> _Source data_:
******

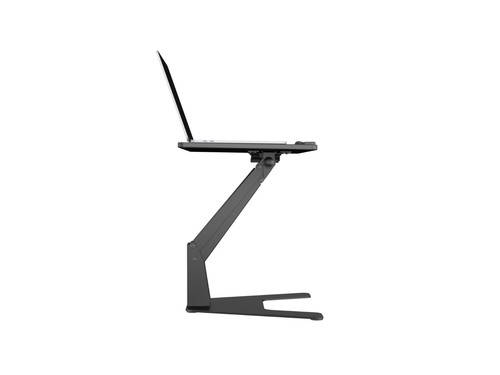 Multibrackets M Laptop Workstation - Black / White - Picture 4 of 48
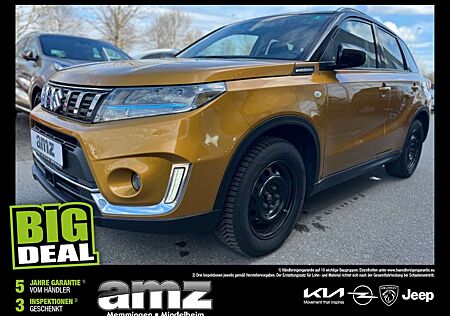 Suzuki Vitara 1.4 DITC Comfort LED*KlimaA*Rückfahrkam.*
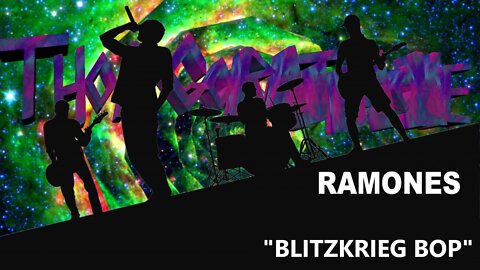 WRATHAOKE - The Ramones - Blitzkrieg Bop (Karaoke)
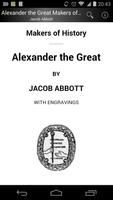 Alexander the Great poster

******

> _Your instructions_:
All of the data above needs to be given again exactly. Leave out each image.

> _Solution for this problem_:
 Multibrackets M Laptop Workstation - Black / White - Picture 4 of 48
 Suzuki Vitara 1.4 DITC Comfort LED*KlimaA*Rückfahrkam.*
 WRATHAOKE - The Ramones - Blitzkrieg Bop (Karaoke)
 Alexander the Great poster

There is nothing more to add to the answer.